╭─ Input data
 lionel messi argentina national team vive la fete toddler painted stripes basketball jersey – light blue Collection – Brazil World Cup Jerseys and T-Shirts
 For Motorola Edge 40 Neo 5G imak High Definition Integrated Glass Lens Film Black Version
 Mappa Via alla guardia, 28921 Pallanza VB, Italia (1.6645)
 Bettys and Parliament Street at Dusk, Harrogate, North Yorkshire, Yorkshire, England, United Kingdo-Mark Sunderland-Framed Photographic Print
╰─
╭─ Input data
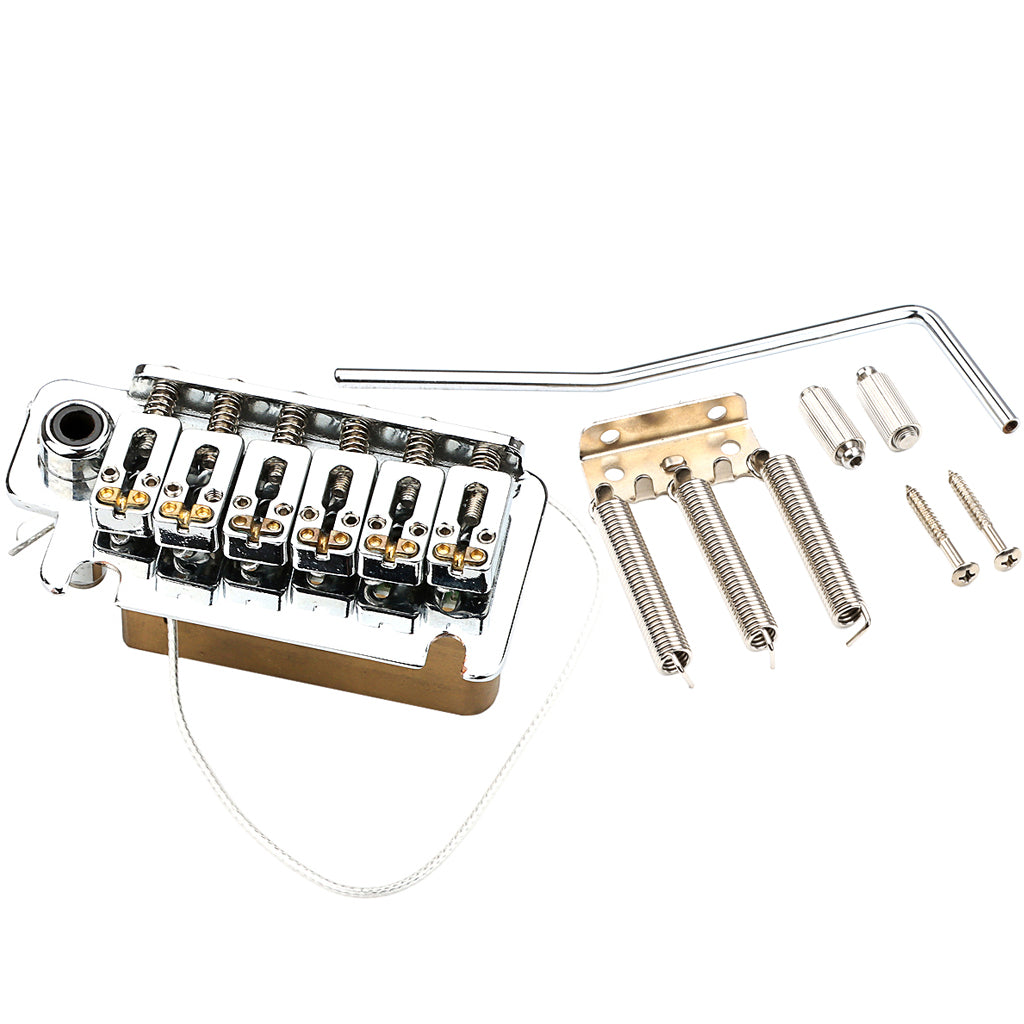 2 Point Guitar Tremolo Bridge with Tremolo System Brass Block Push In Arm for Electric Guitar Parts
╰─
╭─ Input data
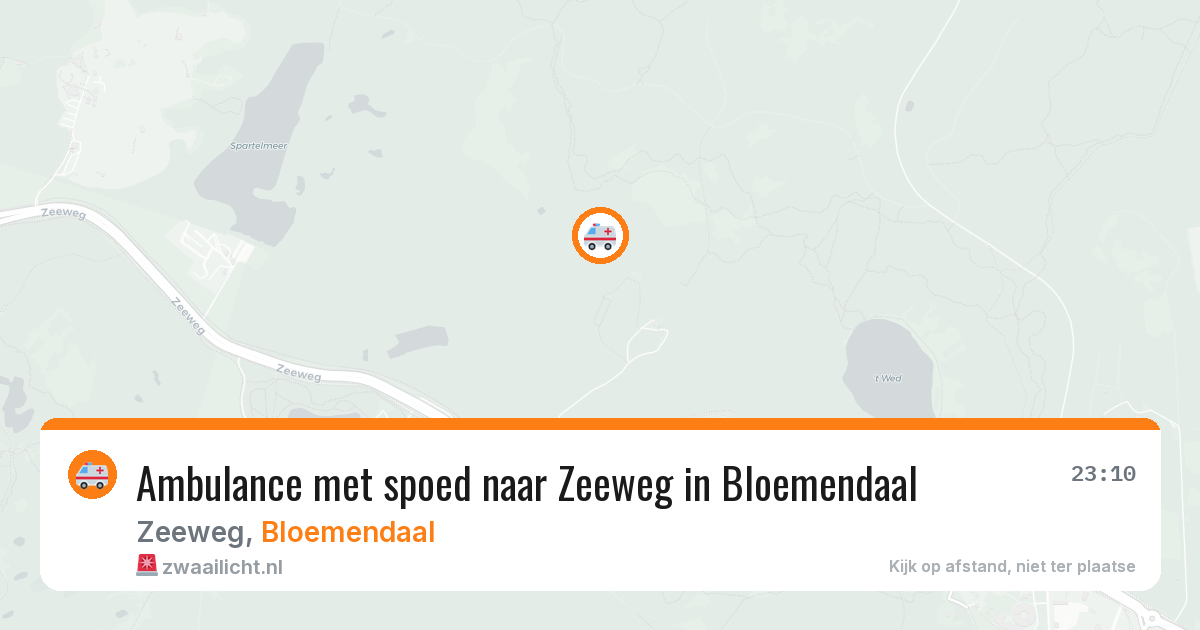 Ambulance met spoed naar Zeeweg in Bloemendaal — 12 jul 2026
╰─
• Work item:
Would you please copy, word for word, everything above from the line containing "Mappa Via alla" down to the line containing "Bettys and Parliament", those two lines included?

• Output:
 Mappa Via alla guardia, 28921 Pallanza VB, Italia (1.6645)
 Bettys and Parliament Street at Dusk, Harrogate, North Yorkshire, Yorkshire, England, United Kingdo-Mark Sunderland-Framed Photographic Print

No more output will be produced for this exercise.